India has also sought clarification from the US government on the various state and regional level renewable energy programmes that provides incentives in the forms of rebates and credit to domestic solar equipment makers.

Earlier this year in February US had moved WTO against India on similar grounds. It had said in its complaint that the Indian government is offering subsidies to its local companies for solar cells and solar modules under the Jawaharlal Nehru National Solar Mission, which is hampering American companies.
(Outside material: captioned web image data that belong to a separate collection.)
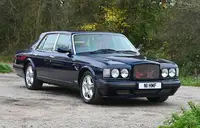 1996 Bentley Turbo R-Sold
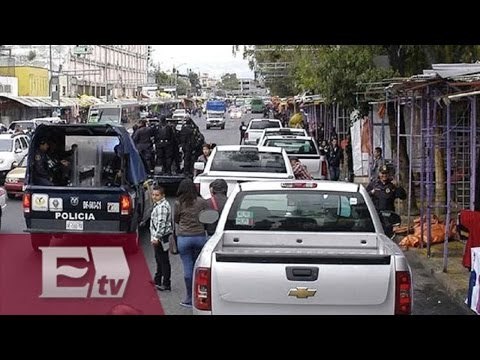 Patricia Mercado y el retiro de puestos ambulantes en CDMX / Ricardo Salas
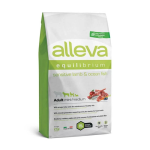 Alleva Equilibrium Adult Mini/Medium (ягненок, рыба), 2 кг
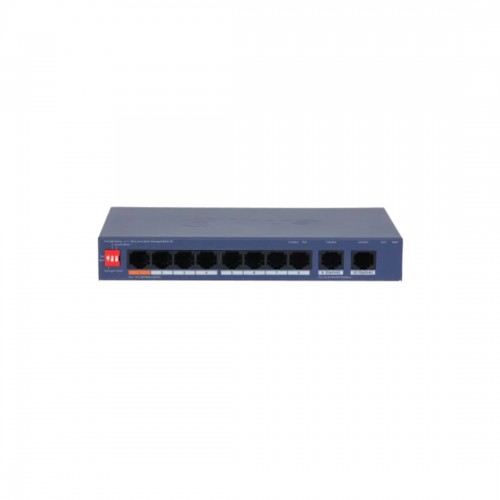 Коммутатор Dahua DH-CS4010-8ET2GT-60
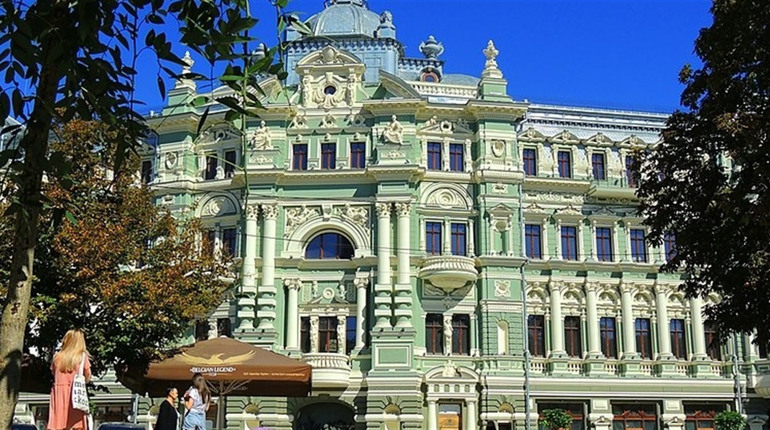 Будинок Руссова в Одесі знов ремонтуватимуть і витратять мільйони гривень. Це робили вже у 2018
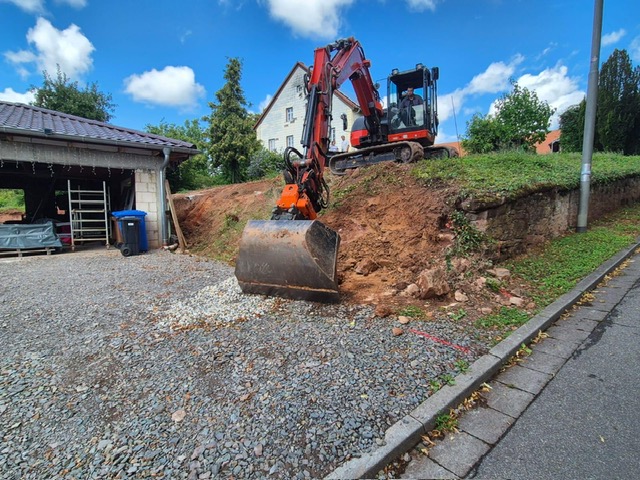 Geländemodellierung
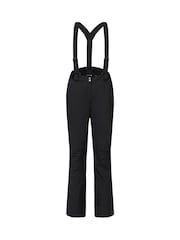 Dare 2b Black Effused Insulated II Salopettes Trousers - Image 7 of 9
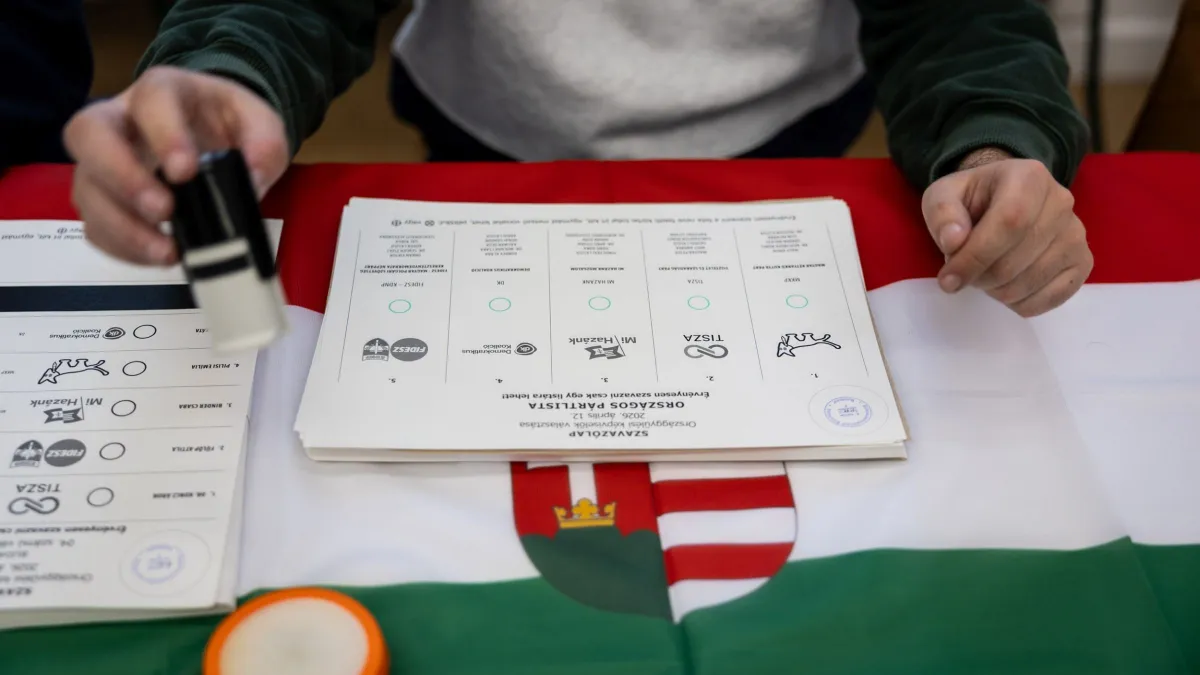 Országgyűlési képviselők választása, országgyűlésiképviselőkválasztása, Magyarország, választások, választások2026, választások2026szavazás, szavazás, szavazat, voks, 2026.04.12.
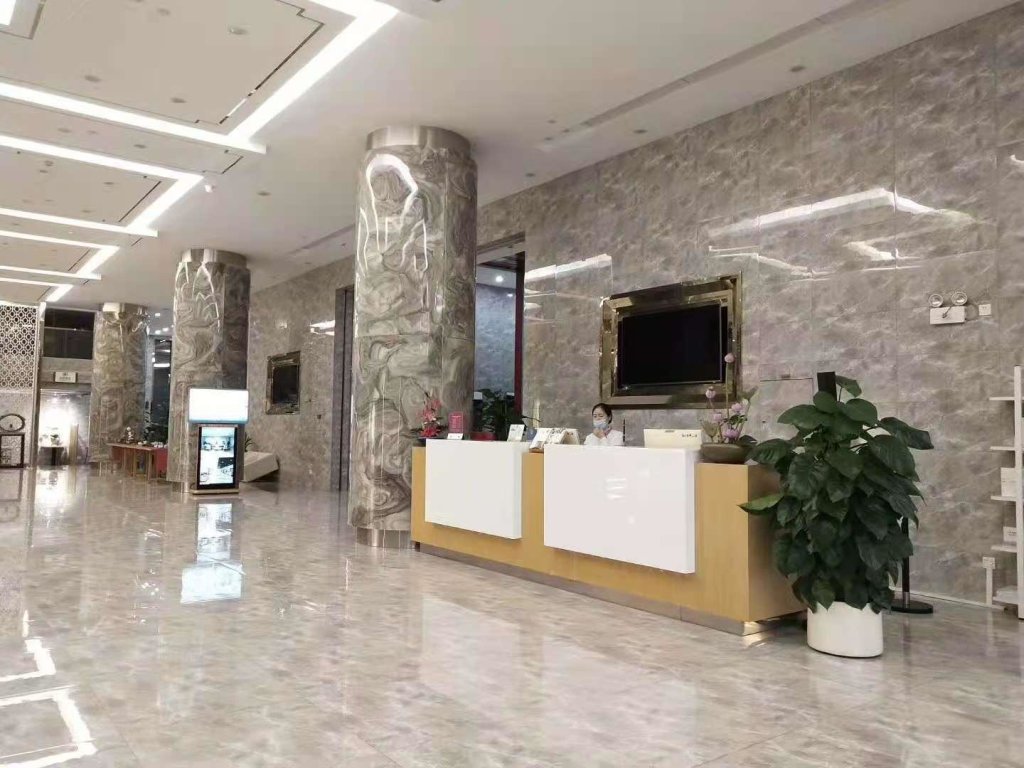 Фошань: Eastone Vegetarian Culture Hotel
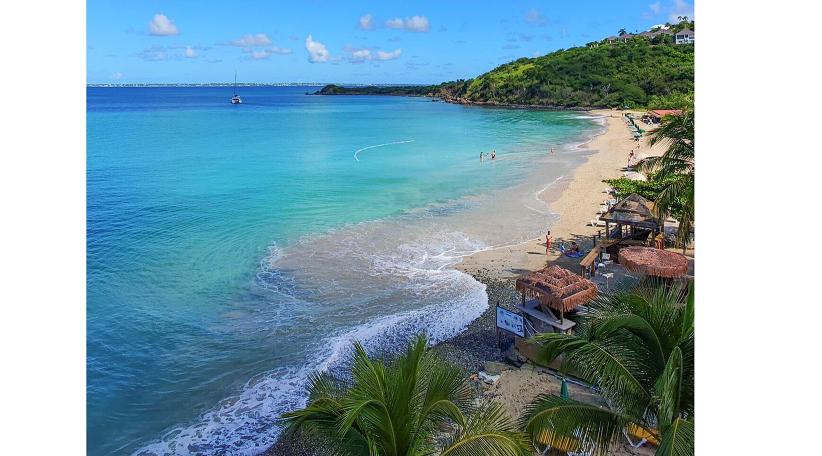 Saint-Martin se posiciona como un destino ideal para la relajación, el bienestar y las experiencias auténticas en el Caribe.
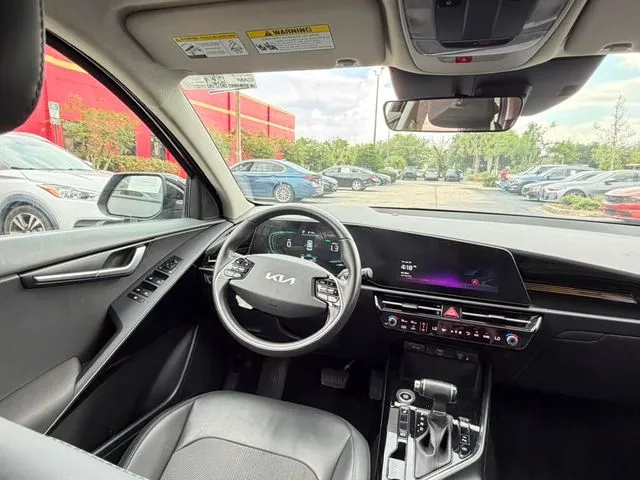 Kia Niro photo 10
Now, Japan and Australia have also joined the consultation.

One comment

  1. Good that INDIA is now learning the COUNTRY FIRST concept at the cost of Rs. 1 lakh crore or more tax loss through renewable energy generation in the form of Accelerated Depreciation, Capital Subsidy or Viable Gap Funding or such incentives from the State governments in addition to MNRE.

    Can INDIAN Government publish a document that what kind of Tax loss or revenue loss have occured for the 12% renewable energy through private participation (instead of Government directly doing the same and transferring the Common Man’s assets to these Private companies, yet many Biomass plants are not functioning!!) and also as to which of the state or regional or local level renewable energy programs provide subsidies including incentives or additional incentives or rebates or credits, contingent upon compliance of domestic content requirements such as equipment manufactured or principally manufactured in certain parts of the state or specific%age of manufacturing or assembling to be done in a particular region or manufacturing to be done by companies having significant presence in a particular region or using domestic feedstock, etc.” These details (each state wise) must be made available on MNRE web site and also on each REDL websites for the sake of transparency and also to play a level playing field through ONE NATION CONCEPT.

    Let us compare as to how a rich nation and a poor nation can afford such loss of revenue or exchequer compared to GDP sum….. You will find that INDIA did and is doing a foolish thing through Capital Subsidy, Accelerated Depreciation and now the much anticipated Viable Gap Funding, without any increase in GDP due to manufacturing as 70% of the raw material is imported, thus, Domestic Content Requirement Clause will not help INDIA till we create in house raw material production with good quality at low costs with uniform taxation throughout the nation without any SEZ or non SEZ stupidity….. in a radius of 40 to 100 km km of a metro, we have SEZ and due to incentives, the companies located in non SEZ area are losing out business due to price difference of 20% without any technical excellence, but, due to this FISCAL stupidity called TAXATION or tax rebates for having located the Industry in SEZ area, that too by destroying the Fertile land, which will again create food security issues 20 years down the lane for our grand children…… Is this kind of Incentivisation good for COUNTRY?? Is this on COUNTRY FIRST principles??